En réponse à un message reçu sur facebook :
Je ne crois pas en dieu mais pourtant quand je pense à mon père, je prie dieu pour qu’il le fasse revenir. Je ne sais plus où j’en suis. Est-ce que l’au-delà existe ? Comment puis-je savoir si mon père est heureux là où il est ?
Je peux d’abord proposer une réponse humaine, avant d’être une réponse croyante, et même chrétienne :
Dès qu’il y a de l’humain, il y a l’intuition inaltérable que ce qui a été vécu ici-bas, les relations, les liens affectifs, les projets, les engagements… doivent bien avoir un prolongement, ou un accomplissement, ou une sanction (positive ou négative) au-delà de la mort. C’est là une exigence de justice inscrite dans le coeur de l’homme, et l’on ne trouve pas cette intuition chez les animaux. Cette intuition est à l’origine des marques de respect que seuls les humains donnent à ce qui reste de ceux qui sont morts, c’est-à-dire aux corps des défunts : les rites funéraires (enterrement, crémation, etc…) sont le signe de ce respect, et sont propres à l’homme, y compris préhistorique. Pourquoi respecter ce qui n’est plus qu’un corps destiné à se dissoudre, s’il n’y a pas l’intuition d’un au-delà de la mort ?
Mais si c’est là une attente inscrite dans le coeur de l’homme, on a le choix entre deux attitudes :
– Refuser cette attente, et la considérer comme une illusion ; croire que la réalité est en fait contraire à notre attente, qu’il n’y a en fait rien à espérer au-delà de la mort, que cette vie mène à une tombe, au néant, au rien, et disparaît progressivement du souvenir de ceux qui restent, que cette vie est donc à proprement parler insensée, absurde. La sagesse serait alors d’en prendre acte, sans se bercer d’illusions « opium du peuple ».

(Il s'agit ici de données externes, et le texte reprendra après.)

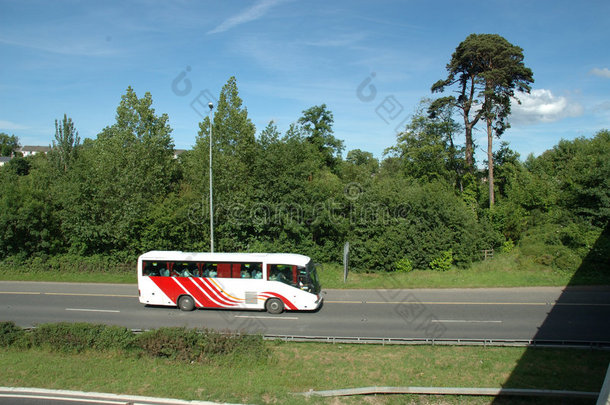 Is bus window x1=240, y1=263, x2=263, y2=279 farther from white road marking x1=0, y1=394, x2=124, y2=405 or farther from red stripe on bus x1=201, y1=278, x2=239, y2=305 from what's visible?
white road marking x1=0, y1=394, x2=124, y2=405

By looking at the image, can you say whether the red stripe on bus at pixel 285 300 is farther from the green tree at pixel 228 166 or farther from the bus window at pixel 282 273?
the green tree at pixel 228 166

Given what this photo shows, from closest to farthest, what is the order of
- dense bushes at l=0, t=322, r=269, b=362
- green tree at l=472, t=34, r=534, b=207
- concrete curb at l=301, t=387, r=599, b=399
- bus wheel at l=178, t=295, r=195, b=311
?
concrete curb at l=301, t=387, r=599, b=399 < dense bushes at l=0, t=322, r=269, b=362 < bus wheel at l=178, t=295, r=195, b=311 < green tree at l=472, t=34, r=534, b=207

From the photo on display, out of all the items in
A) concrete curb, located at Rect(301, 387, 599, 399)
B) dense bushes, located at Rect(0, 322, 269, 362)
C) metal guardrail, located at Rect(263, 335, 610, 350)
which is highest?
dense bushes, located at Rect(0, 322, 269, 362)

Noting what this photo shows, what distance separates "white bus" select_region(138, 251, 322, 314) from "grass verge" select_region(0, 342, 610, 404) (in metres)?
4.39

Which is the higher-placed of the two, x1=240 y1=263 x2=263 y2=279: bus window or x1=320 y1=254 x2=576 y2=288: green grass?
x1=240 y1=263 x2=263 y2=279: bus window

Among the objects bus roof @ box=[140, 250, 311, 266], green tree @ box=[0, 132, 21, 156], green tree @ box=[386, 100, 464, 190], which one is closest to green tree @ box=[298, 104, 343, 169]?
green tree @ box=[386, 100, 464, 190]

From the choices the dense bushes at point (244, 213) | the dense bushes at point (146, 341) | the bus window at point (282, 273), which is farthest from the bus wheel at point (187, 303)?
the dense bushes at point (244, 213)

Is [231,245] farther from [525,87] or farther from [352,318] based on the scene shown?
[525,87]

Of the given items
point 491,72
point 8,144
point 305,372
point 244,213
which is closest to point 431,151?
point 491,72

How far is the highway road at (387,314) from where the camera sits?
1331cm

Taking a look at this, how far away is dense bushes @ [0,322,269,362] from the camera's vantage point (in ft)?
34.3

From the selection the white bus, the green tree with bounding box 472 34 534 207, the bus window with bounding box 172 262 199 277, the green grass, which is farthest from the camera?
the green tree with bounding box 472 34 534 207

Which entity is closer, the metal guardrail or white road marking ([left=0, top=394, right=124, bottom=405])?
white road marking ([left=0, top=394, right=124, bottom=405])

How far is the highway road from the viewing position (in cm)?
1331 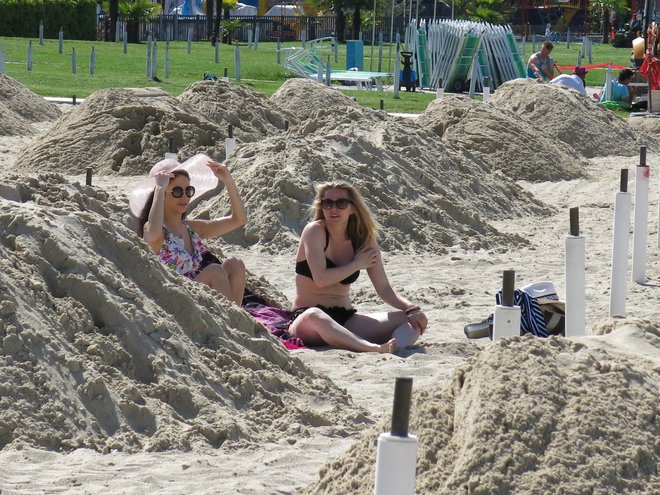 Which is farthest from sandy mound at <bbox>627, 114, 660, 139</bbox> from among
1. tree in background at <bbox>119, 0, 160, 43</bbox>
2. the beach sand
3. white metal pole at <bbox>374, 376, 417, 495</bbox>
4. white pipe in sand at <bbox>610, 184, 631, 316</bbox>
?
tree in background at <bbox>119, 0, 160, 43</bbox>

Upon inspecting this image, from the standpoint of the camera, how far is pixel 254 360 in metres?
6.24

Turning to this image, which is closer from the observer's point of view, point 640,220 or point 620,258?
point 620,258

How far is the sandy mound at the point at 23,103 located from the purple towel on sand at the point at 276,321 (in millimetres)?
13642

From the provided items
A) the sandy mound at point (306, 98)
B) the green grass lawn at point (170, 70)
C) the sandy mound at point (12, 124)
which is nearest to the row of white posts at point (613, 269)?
the sandy mound at point (306, 98)

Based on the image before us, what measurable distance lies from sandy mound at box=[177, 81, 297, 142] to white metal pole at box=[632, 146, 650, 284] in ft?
27.1

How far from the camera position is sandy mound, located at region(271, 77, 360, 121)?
21.1 m

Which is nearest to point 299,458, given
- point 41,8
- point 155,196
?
point 155,196

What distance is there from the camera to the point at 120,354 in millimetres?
5793

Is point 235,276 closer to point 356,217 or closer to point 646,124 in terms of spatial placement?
point 356,217

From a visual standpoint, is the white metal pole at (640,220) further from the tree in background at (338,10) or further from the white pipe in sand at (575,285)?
the tree in background at (338,10)

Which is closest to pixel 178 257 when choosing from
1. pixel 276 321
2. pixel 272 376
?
pixel 276 321

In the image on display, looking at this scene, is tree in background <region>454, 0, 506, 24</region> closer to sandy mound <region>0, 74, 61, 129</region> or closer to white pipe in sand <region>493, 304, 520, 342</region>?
sandy mound <region>0, 74, 61, 129</region>

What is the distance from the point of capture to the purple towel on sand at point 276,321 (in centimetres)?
752

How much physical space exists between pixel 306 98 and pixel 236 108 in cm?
313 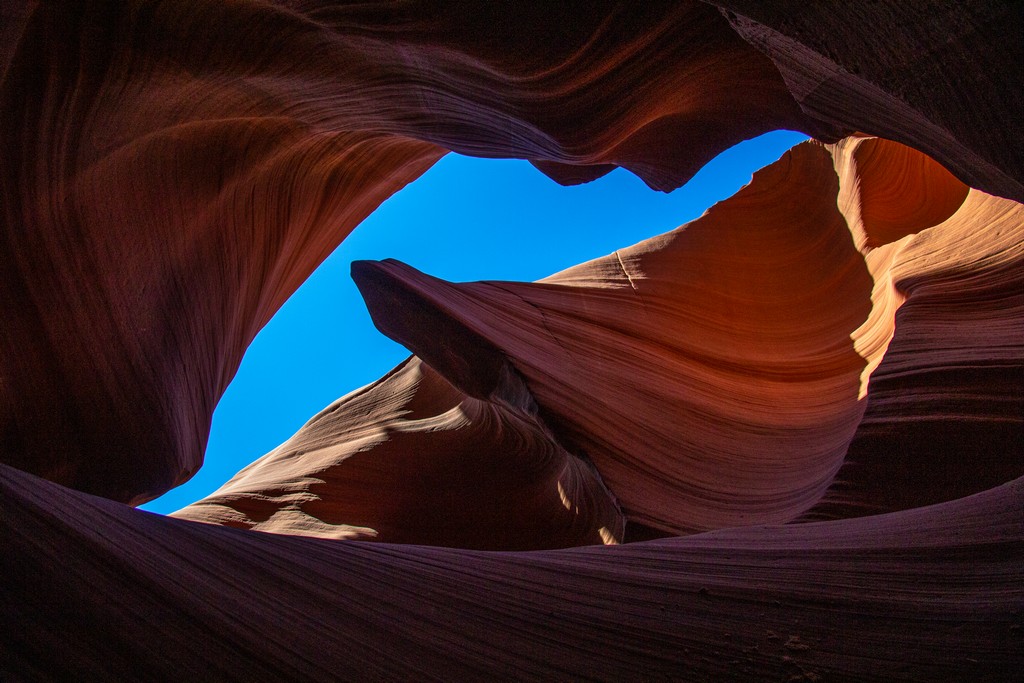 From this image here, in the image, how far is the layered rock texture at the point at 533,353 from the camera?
1567 millimetres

Des penseurs passés et présents (André Comte-Sponville fait partie de ceux-là) ont pris ce parti du désespoir, en affirmant que le sens de l’existence ne peut se trouver qu’à l’intérieur de cette courte parenthèse entre notre naissance et notre mort, et pas au-delà. On pourrait leur objecter que c’est là une optique de « nantis », de gens qui ont la possibilité de diriger leur vie ici-bas, d’en faire quelque chose… Que dire alors à ceux qui ont vécu toute leur existence prisonniers de la misère ou du dénuement, victimes innocentes de l’injustice et de la guerre ? Quel sens trouver à cette vie si tout se joue uniquement ici-bas ? Que dire aussi à ceux qui doivent se résigner à la disparition totale de ceux qu’ils ont aimés ?
– Croire que cette attente humaine correspond à une réalité existante, bonne, désirable, et que le scandale du mal, de l’injustice, de la souffrance et de la mort vient paradoxalement confirmer : car si ce que ces maux contrarient n’existait pas, de quoi ces maux nous priveraient-ils ? pourquoi nous feraient-ils tant souffrir ? C’est justement parce que nous sommes faits pour cette vie pleine, éternelle, juste, affranchie de la mort, que l’expérience de la mort physique et du mal fait scandale. Même si nous n’en pouvons avoir qu’une intuition, même si elle reste un mystère, cette réalité désirée que les philosophies évoquent seulement en termes d’ « immortalité de l’âme », les croyants – et tout particulièrement les chrétiens – osent l’affirmer à partir d’une autre expérience que celle de l’attente du coeur humain : l’événement de la Résurrection du Christ, fêté chaque année à Pâques comme le centre de l’histoire, ce qui lui donne son sens.